Marketing research in the USA tends to be quantitatively oriented. Do you welcome qualitative and quantitative research equally, or do you still have a bias towards the former?

There’s a well accepted publication that’s been around for some time, The Journal of Marketing Research, which is published by the American Marketing Association. 99.9 per cent of its articles are quantitative, and to some individuals this may not appeal.

Sometimes I question the methodology of the articles I receive – research poorly designed and executed, and results that are not statistically significant. The research seems to overpower the entire scope of the article, and I have practitioner members of the JPBM EAB come back to me and ask, what’s it all about? The authors are just doing research for their own gratification.

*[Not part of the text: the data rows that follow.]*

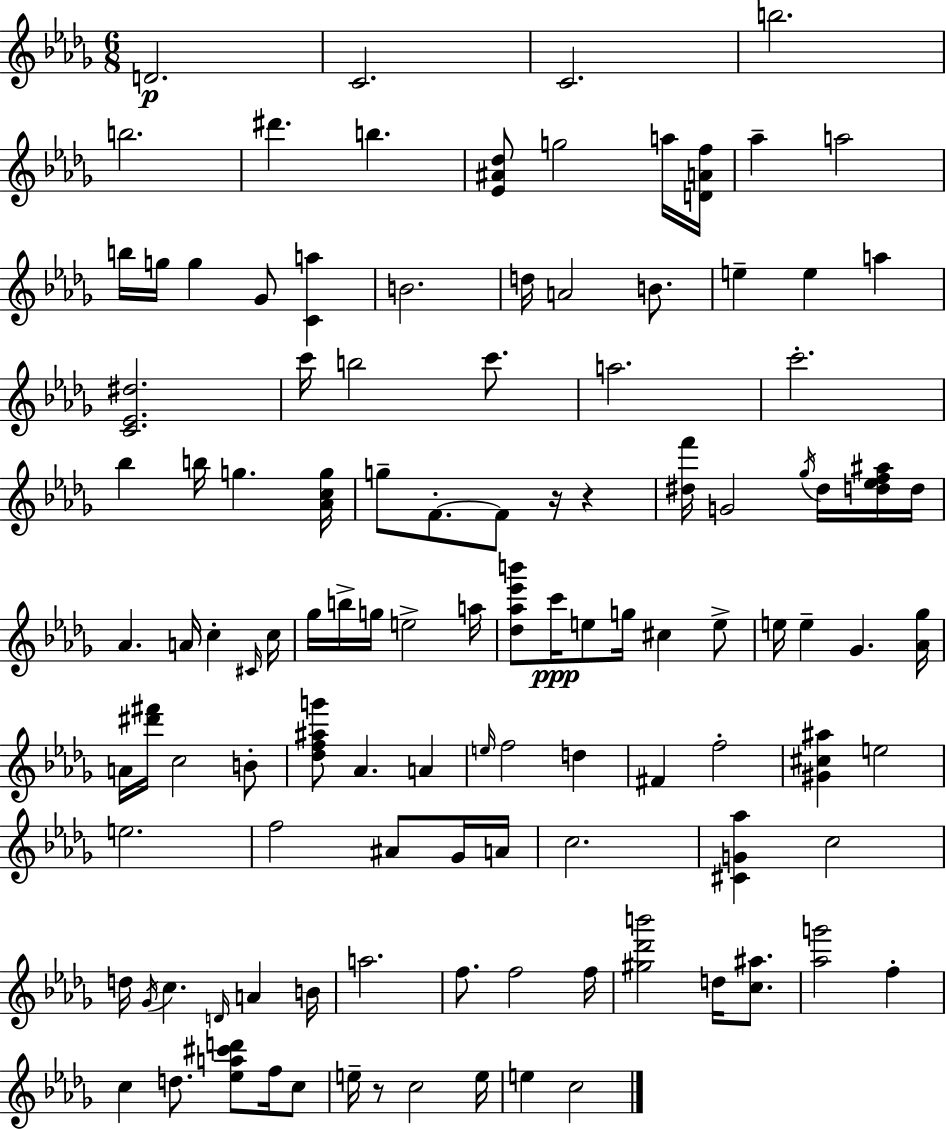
X:1
T:Untitled
M:6/8
L:1/4
K:Bbm
D2 C2 C2 b2 b2 ^d' b [_E^A_d]/2 g2 a/4 [DAf]/4 _a a2 b/4 g/4 g _G/2 [Ca] B2 d/4 A2 B/2 e e a [C_E^d]2 c'/4 b2 c'/2 a2 c'2 _b b/4 g [_Acg]/4 g/2 F/2 F/2 z/4 z [^df']/4 G2 _g/4 ^d/4 [d_ef^a]/4 d/4 _A A/4 c ^C/4 c/4 _g/4 b/4 g/4 e2 a/4 [_d_a_e'b']/2 c'/4 e/2 g/4 ^c e/2 e/4 e _G [_A_g]/4 A/4 [^d'^f']/4 c2 B/2 [_df^ag']/2 _A A e/4 f2 d ^F f2 [^G^c^a] e2 e2 f2 ^A/2 _G/4 A/4 c2 [^CG_a] c2 d/4 _G/4 c D/4 A B/4 a2 f/2 f2 f/4 [^g_d'b']2 d/4 [c^a]/2 [_ag']2 f c d/2 [_ea^c'd']/2 f/4 c/2 e/4 z/2 c2 e/4 e c2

I am more interested in research that acts as a bridge, that presents us with an idea that can be further tested and then applied in the real world, and that has been well designed and executed.

What is interesting is that there is a divergence between academics’ and practitioners’ views of research: the former is more meticulous in terms of statistical manipulation but the latter uses the statistical manipulation to take the concepts to the next level. Academics can lose out, as they may not have a true have a sense of what the rest of the world is doing the way that practitioners do.

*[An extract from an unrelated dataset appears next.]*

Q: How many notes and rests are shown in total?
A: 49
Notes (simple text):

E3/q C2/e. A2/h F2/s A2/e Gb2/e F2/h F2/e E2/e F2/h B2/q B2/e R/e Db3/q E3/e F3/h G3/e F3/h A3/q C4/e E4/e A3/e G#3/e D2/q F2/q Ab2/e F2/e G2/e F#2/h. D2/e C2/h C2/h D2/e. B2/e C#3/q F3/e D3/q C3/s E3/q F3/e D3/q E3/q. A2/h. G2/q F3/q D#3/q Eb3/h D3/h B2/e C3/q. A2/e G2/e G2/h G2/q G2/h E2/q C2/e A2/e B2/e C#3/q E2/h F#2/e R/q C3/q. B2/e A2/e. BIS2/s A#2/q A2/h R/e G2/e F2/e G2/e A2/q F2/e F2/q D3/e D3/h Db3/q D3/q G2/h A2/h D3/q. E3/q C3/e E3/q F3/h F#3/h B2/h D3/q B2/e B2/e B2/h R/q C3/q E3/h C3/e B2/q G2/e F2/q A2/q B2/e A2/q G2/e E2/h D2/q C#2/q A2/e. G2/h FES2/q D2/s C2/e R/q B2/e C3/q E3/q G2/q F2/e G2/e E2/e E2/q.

Both journals offer research that is practical. You say that you insist on a section on "managerial implications" – without that it will not go forward for review. How else to you make a bridge between theory and practice?

I worked for a couple of Fortune 500 companies before I entered academia, and I always had my hand in industry even while teaching. And I found that with a partnership between a practising academic and a practitioner the results of the contributions from both sides are greater than the separate sums of each effort. I have always encouraged academics to partner with practitioners. I’ve worked at institutions that have grants to cover expenses if you can find a company who’s willing to work with you. In addition, funding for research may also come from corporations themselves.

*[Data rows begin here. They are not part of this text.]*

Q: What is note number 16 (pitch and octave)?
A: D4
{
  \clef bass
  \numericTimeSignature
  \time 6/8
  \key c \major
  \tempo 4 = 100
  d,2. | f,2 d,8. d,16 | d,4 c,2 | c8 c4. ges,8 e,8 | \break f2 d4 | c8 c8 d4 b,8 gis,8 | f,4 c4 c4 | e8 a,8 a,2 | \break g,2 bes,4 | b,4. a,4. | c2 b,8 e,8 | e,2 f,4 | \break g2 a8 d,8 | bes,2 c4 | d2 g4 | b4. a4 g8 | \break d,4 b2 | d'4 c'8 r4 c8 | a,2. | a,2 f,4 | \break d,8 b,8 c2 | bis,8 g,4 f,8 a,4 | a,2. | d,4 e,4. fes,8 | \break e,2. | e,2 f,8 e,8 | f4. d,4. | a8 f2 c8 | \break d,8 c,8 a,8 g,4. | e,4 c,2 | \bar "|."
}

For example, one of my sub-editors has worked for a few companies during the summer as a sort of “internship”. For one of these he was a brand product manager, as a result of which he was able to write a couple of articles which contributed to the body of consumer research. I also have an academic in the UK who’s worked in the financial services industry, and who is currently working with some very large banks and corporations. His insights are priceless because he writes from both an academic and a practitioner perspective, and the institutions that he works with are willing to share information and get feedback from him in terms of the results of his studies.

I introduced the case methodology several years ago, mainly to encourage the practitioner to reflect on their experiences in the marketplace, and in JCM we do three cases a year. My case editor happens to be vice president of a company dealing with loyalty marketing. His experience is priceless because he has first-hand experience of the issue in North America, South America, Europe and Asia. So I have the luxury of someone who actually practises what he is writing about, but from a different perspective.

I always ask someone who’s contemplating research whether or not they’d be willing to try to find a partner in industry to help them not only get extra funding, but also use their practical expertise to guide them through the research. And the academic partner in turn can offer pertinent questions. They give each other feedback, but there needs to be mutual understanding as to what direction the research would take.

What are your future plans for both journals, for example, special issues?

In 2010, for JPBM, we will be working with the Academy of Marketing Science to publish research presented at the special branding conference to be held at Cambridge University; for the JCM, we will be working with The Journal of Marketing Science to publish research from their annual conference to be held in Tianjin, China

 The publishing process

How many submissions do you get a year for JCM and for JPBM?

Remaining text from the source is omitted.